“Pequenas Cartas Obscenas”: Filme vai além do ‘whodunnit’ e traz comentário social relevante com boas doses de humor | 2024
A previsibilidade é o maior inimigo do suspense. No entanto, embora essa afirmação seja verdadeira, um filme não precisa ser um quebra-cabeça complexo. O fato de o espectador, muitas vezes o “espertinho”, solucionar o mistério antes do ponto de virada não desmerece o filme, nem é mérito de quem assiste. Nesse contexto, aplica-se a máxima: pouco importa sobre o que se trata, mas sim, como a história é contada. Temos uma infinidade de histórias cujo final é amplamente conhecido, mas isso não diminui em nada o seu mérito. Por exemplo, ao assistir “Romeu e Julieta”, alguém realmente se surpreende com o desfecho? A surpresa é realmente importante? Observando a história, fica evidente que essa obsessão por reviravoltas na trama é mais recente do que a tendência atual faz parecer. “Pequenas Cartas Obscenas” possui uma estrutura narrativa bastante convencional e, embora o foco inicial seja o mistério em torno do autor das cartas, o real propósito do filme é o comentário social. Sem apelar para sentimentalismos, o filme utiliza o sarcasmo e a caricatura para satirizar um modelo de sociedade de cem anos atrás, cujos reflexos ainda são perceptíveis nos padrões de comportamento dos dias atuais.
Na trama, acompanhamos Edith (Olivia Colman), uma mulher profundamente conservadora e vizinha da desbocada Rose Gooding (Jessie Buckley). Quando cartas recheadas de palavrões começam a ser enviadas a Edith, Rose é imediatamente acusada de ser a autora.

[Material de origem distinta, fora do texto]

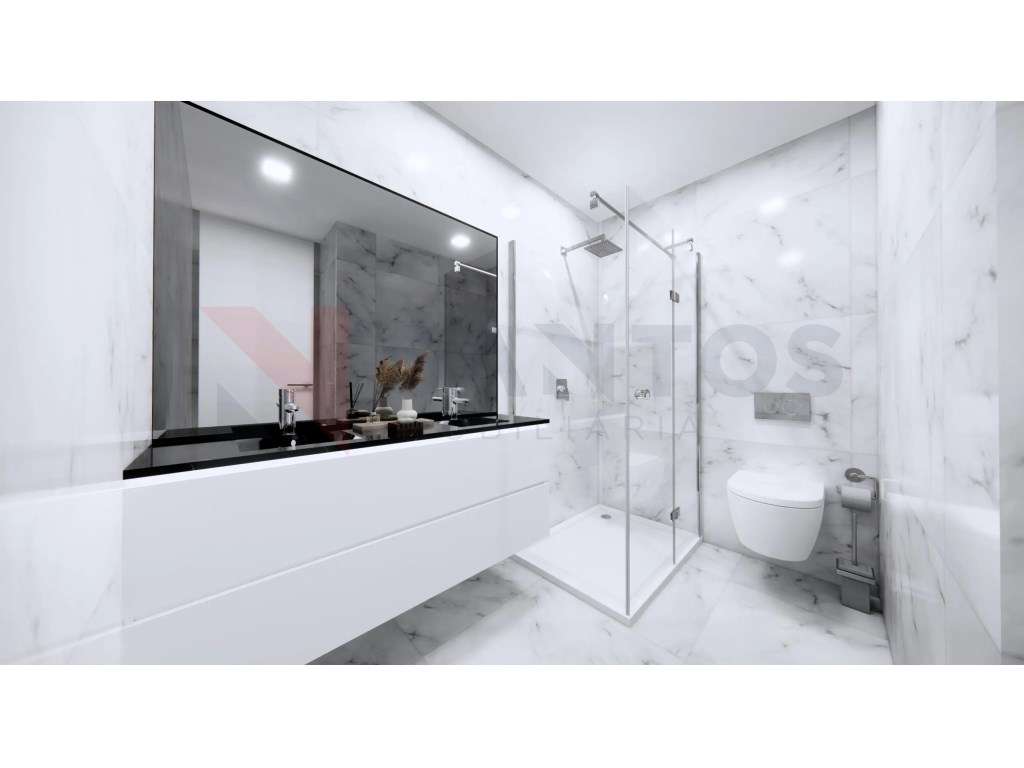 Apartamento T3 - Gondomar Green - Grande imagem: 4/11
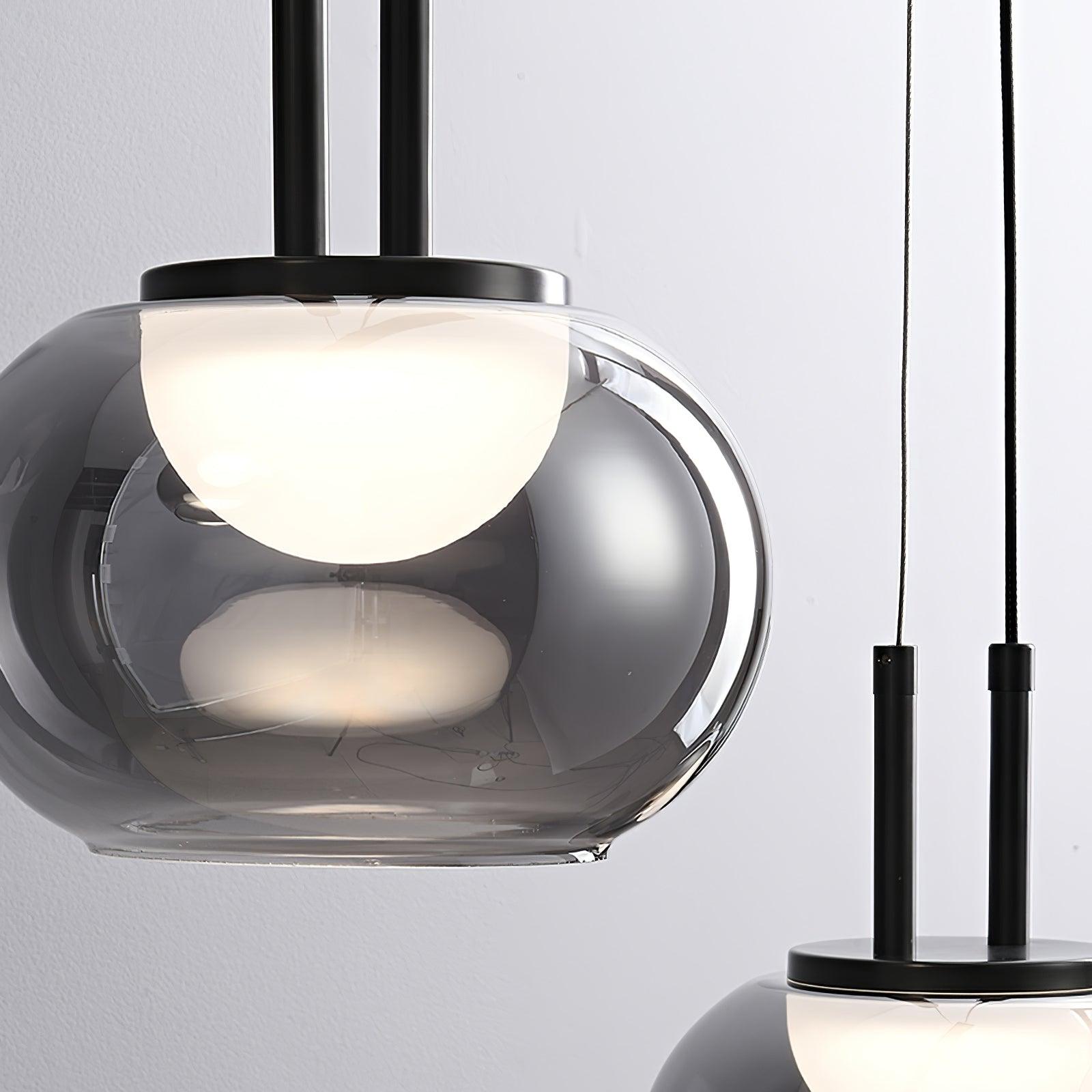 Zeltizero Pendant Light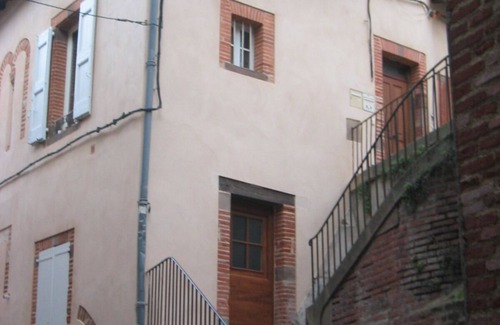 Albi Apartamento | Charming apartment 4/5 persons WI-FI City center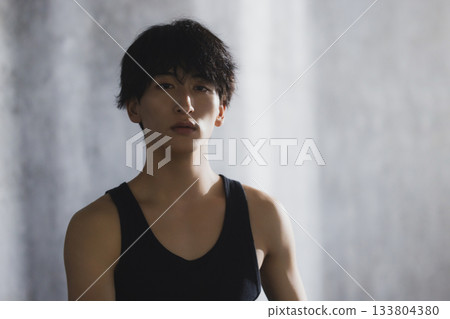 男子訓練 男子訓練 133804380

As cartas anônimas provocam uma comoção nacional, desencadeando uma cruel perseguição a Rose e a possibilidade de uma severa punição. No entanto, à medida que as mulheres da cidade – lideradas pela policial Gladys Moss (Anjana Vasan) – começam a investigar o crime por conta própria, elas passam a suspeitar que há algo errado.
O elenco é composto por atores de talento reconhecido, e pouco há o que acrescentar a esse respeito. Contudo, vale destacar o quanto as atrizes visivelmente se divertem em seus respectivos papéis. Isso se deve ao fato de que, por mais densa que seja a discussão, a forma como a narrativa é apresentada proporciona uma experiência extremamente leve, sem esvaziar o discurso. Muito pelo contrário, o teor feminista é manifestado de maneira clara e objetiva. O longa escolhe suas batalhas ao lançar um olhar sobre a condição da mulher, mas isola outros tipos de tensão. Um exemplo é que em todos os núcleos há um personagem negro, inclusive em posições de poder, como o Juiz da corte. No entanto, nenhum comentário sobre tensões raciais é feito, como se a Inglaterra dos anos 1920 fosse um paraíso de diversidade racial, o que está longe de ser verdade.
Lançado sem muito alarde, “Pequenas Cartas Obscenas” é uma obra acessível e extremamente prazerosa, exceto para conservadores mais radicais, afinal, são eles o alvo da crítica. Uma adição valiosa ao cinema contemporâneo, mostrando que é possível abordar questões sérias de maneira inteligente, bem-humorada e envolvente, sem perder a profundidade e a clareza no discurso.